After applying a veneer (1/42) to a panel, What is the best way to trim the excess? Should I use a router table and a straight blade?

Ralph


----------



## cabinetman (Jul 5, 2007)

*WELCOME TO THE FORUM*

If you're referring to the overhang, you could trim it off with a router table mounted with a flush trim bit, and running the veneer face down, substrate against the bearing. Or, if you have a flush trim bit with the bearing on the bottom, you could run the panel with the veneer face up and the substrate running against the bearing.

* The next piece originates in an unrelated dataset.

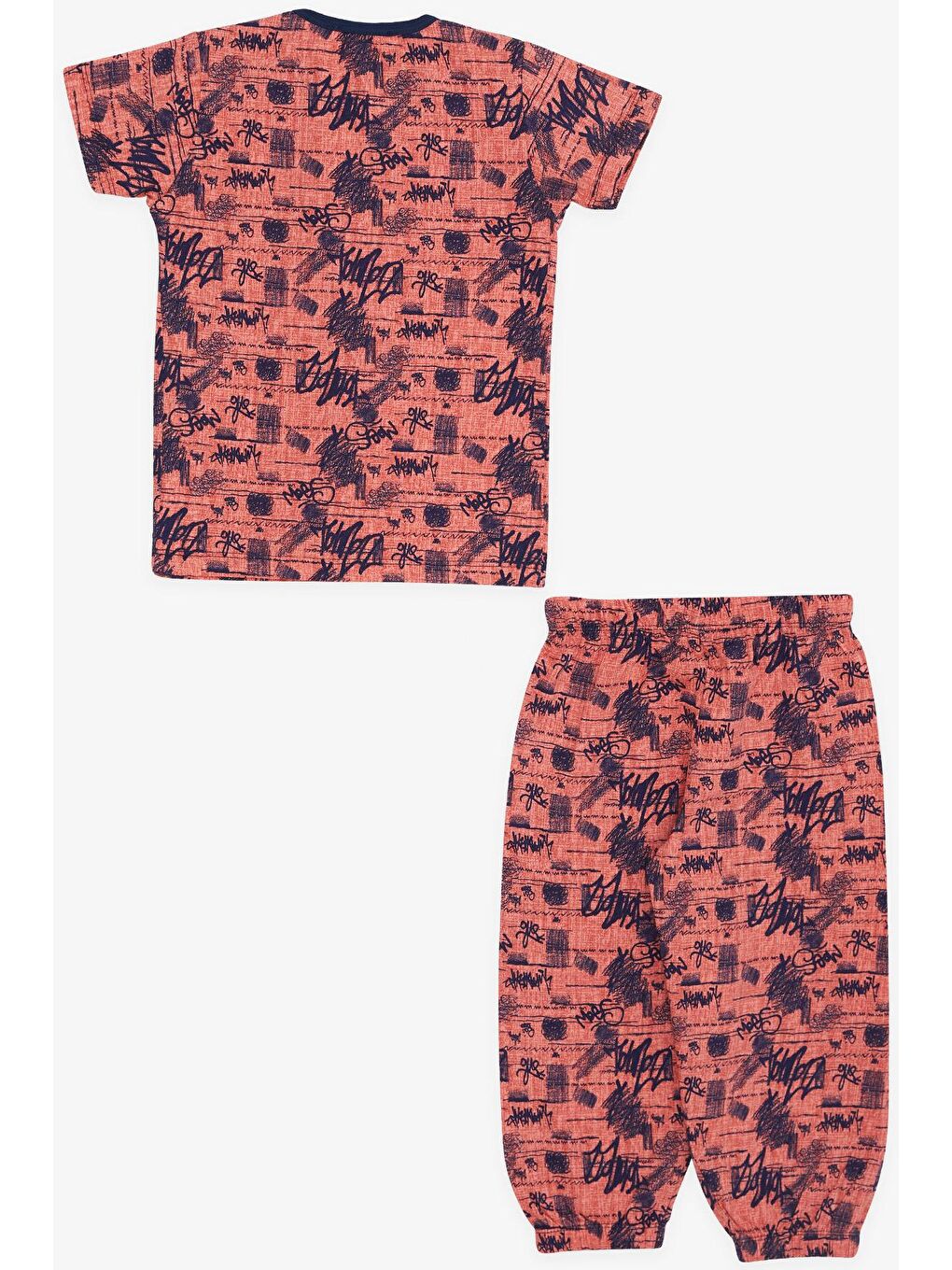 Erkek Bebek Kısa Kollu Pijama Takımı Karışık Desenli Turuncu (9 Ay)-2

It could also be done with a hand held router and a flush trim bit. Or, you could file it off with a flat mill file. With the veneer face up, hold the file flat to the substrate and push the file into the veneer on the push stroke only using the edge of the file to cut the veneer. The handle of the file should be at a slight angle towards the direction of movement, so the file cuts on a forward/down stroke.


----------



## Realcom (Dec 14, 2009)

Cabinetman,
Thanks for sharing your expertise, I am very new at woodworking and this forum is a wealth of information. I have both of the trim bits, but have never used them. I had gathered the idea from some of my reading, but it great to have it confirmed. I will be building some boxes over the next few months and will post pictures.

Thanks again,

Ralph


----------



## Jordy3738 (Jan 12, 2009)

If you decide to use either of the above suggested methods, I would recommend practicing on a few throw away pieces first. 

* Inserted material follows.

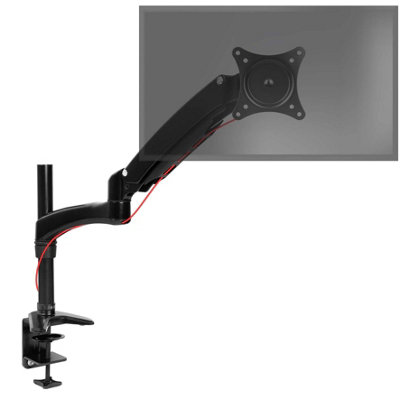 Duronic DM551X2 1-Screen Monitor Spring Arm with Desk Clamp, VESA Bracket, Adjustable Height Tilt Swivel - 7.8kg - 15-27 - black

Both methods, trimming with a router and removing the excess with the use of a file have different learning curves.

Routers have a tendency to cause the edge of the veneer to splinter sometimes.

Filing the access off can cause a large chip to break off when you get to the corner edges.


----------



## Jim Tank (Apr 28, 2009)

Veneer is so thin that you can use a router and do a climb cut (moving it so the cutter moving right to left) so that there is no tear out. When the panel is still upside down, I trim it with a razor knife so the router is only removing less than an eigth inch.


----------



## Realcom (Dec 14, 2009)

Jim,

That's a great idea to remove most of the overhang with a razor so the router only has a bare minimum to grab on to.


Jordy,

Thanks, I will definately practice before the final project.



Thanks,

Ralph


----------



## Bytestalker (May 20, 2007)

I use a veneer trimmer. Like http://www.woodcraft.com/Product/2020358/21987/Quad-Trimmer.aspx 

It works real well as long as the blades are sharp and makes it all look consistant. This one has the ability to cut both sides at once. Never had a problem with this or any tear out. Especially working with oak (seems to want to split a lot). I was getting a tour through a furniture factory and they were using them to do touch ups or any manual trimming.

Robert


----------



## Realcom (Dec 14, 2009)

Robert,

Thanks for the link. It looks great ans the price is right.:icon_smile:

Ralph


----------



## ShaneLyall (Jan 12, 2010)

I have also used a belt sander (lost bearing on trim bit with table running!,don't ask!) I wouldn't recomend it.


----------